Published online by Cambridge University Press: 12 December 2020
In the formation of Empire in the first half of the twentieth century, the accelerating mobility of people, commodities, and ideas, of technology and, not least, of aesthetic trends, produced transcultural flows that functioned to a considerable degree to reconfirm, re-enact or newly establish localized ideologies and assertions of hegemonic structures in the political sphere. Subsequently, the fascisms that evolved in Europe and in Asia and became virulent from the 1930s expressed themselves in modern, international, technologically, and aesthetically advanced cultural forms. This chapter focuses on transcultural developments in aesthetics and media technologies. As a window onto these fields, it discusses the intricate links between two wartime overseas propaganda journals: NIPPON, published in Japan by the photography and graphic-design company Nippon Kōbō between 1934 and 1944; and Signal, produced in Germany in 1940-1945 by Deutscher Verlag, the successor of the Jewish Ullstein Verlag, which had been usurped and renamed by the Nazis in 1934. Tracing the common trajectories of NIPPON and Signal, this chapter situates these cultural products in transcultural motions between Europe and Asia between the late 1920s and the mid-1940s, pointing to shared aesthetic origins as well as utilizations to similar political ends.

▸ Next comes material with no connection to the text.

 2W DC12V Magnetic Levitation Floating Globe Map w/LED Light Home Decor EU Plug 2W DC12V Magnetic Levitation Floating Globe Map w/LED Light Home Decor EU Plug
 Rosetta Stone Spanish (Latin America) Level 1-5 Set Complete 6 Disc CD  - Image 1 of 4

The search for origins never ends, as any finding or result will inevitably produce the question of what led to it, and any answers will invite only further inquiries. Michel Foucault suggested a genealogical and archaeological approach to questions of origins, one that is not looking for essentialisms but rather for contingent elements, factors, conditions, and configurations that coalesce to form distinct cultural and political opportunities and phenomena. In this chapter, I trace some of the cultural origins, linkages as well as (dis)connections of distinct media productions in Europe and Asia from the 1930s until the end of the Second World War. I discuss the politically similar uses to which they have been put in different, but related, wartime theatres. I focus on the intricate links between two overseas propaganda journals: NIPPON (1934-1944), published in Japan by the photography and graphic design company Nippon Kōbō (Japan Studio) and Signal produced in Germany between 1940-1945 by Deutscher Verlag (German Press), the successor of Jewish Ullstein Verlag (Ullstein Press) which had been usurped and renamed by the Nazis in 1934.